Data shown:
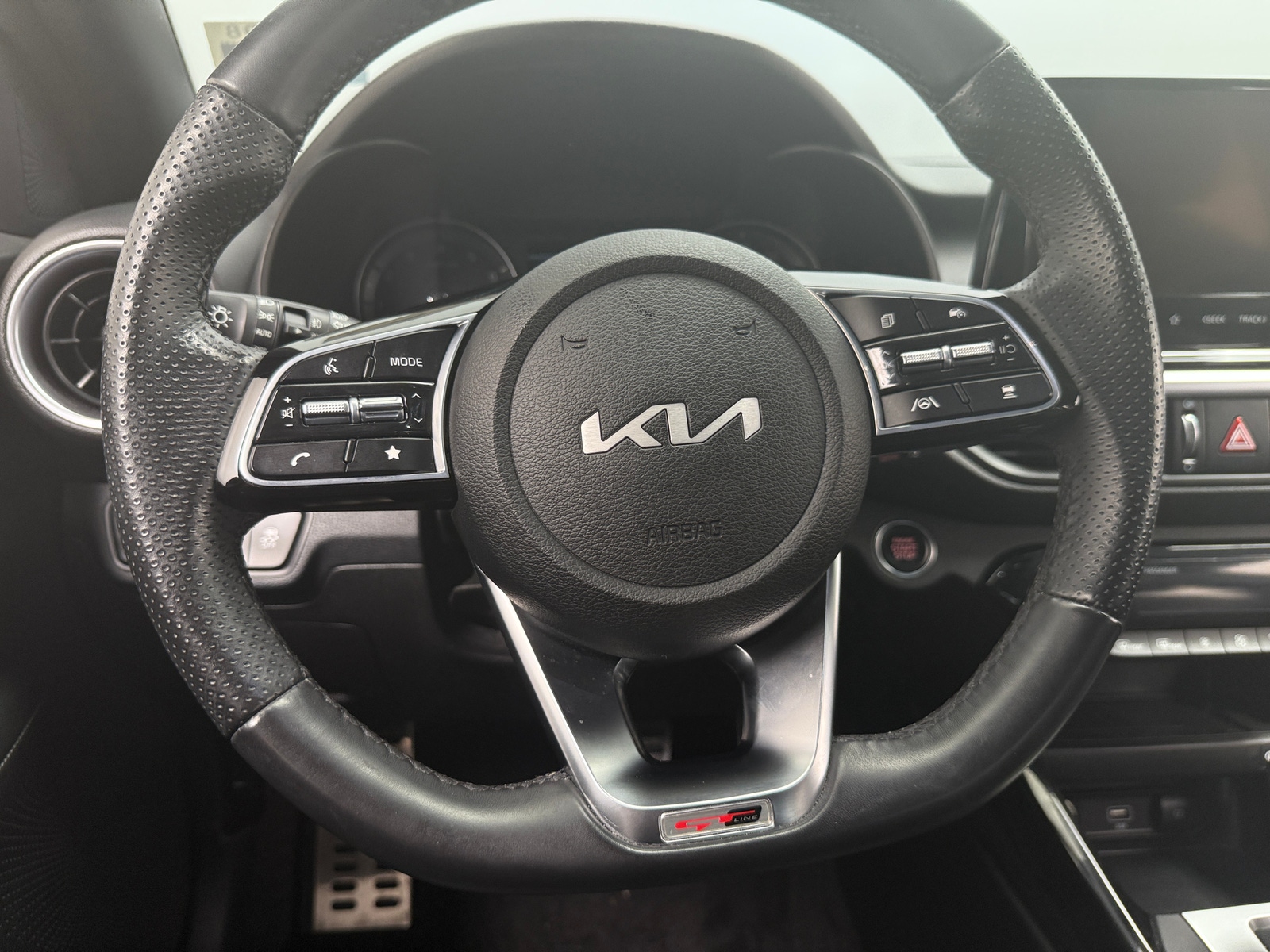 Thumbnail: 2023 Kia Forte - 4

==

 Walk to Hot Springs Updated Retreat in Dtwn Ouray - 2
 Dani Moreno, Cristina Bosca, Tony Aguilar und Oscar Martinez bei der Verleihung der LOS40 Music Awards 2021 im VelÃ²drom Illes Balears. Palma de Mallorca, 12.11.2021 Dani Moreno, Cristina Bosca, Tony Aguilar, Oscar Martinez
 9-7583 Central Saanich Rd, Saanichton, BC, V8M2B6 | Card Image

What you will do: From the entries above, give again exactly the lines running from the line with "Dani Moreno, Cristina Bosca, Tony Aguilar und" to the line with "9-7583 Central Saanich"; include both of those lines.

Response below:
 Dani Moreno, Cristina Bosca, Tony Aguilar und Oscar Martinez bei der Verleihung der LOS40 Music Awards 2021 im VelÃ²drom Illes Balears. Palma de Mallorca, 12.11.2021 Dani Moreno, Cristina Bosca, Tony Aguilar, Oscar Martinez
 9-7583 Central Saanich Rd, Saanichton, BC, V8M2B6 | Card Image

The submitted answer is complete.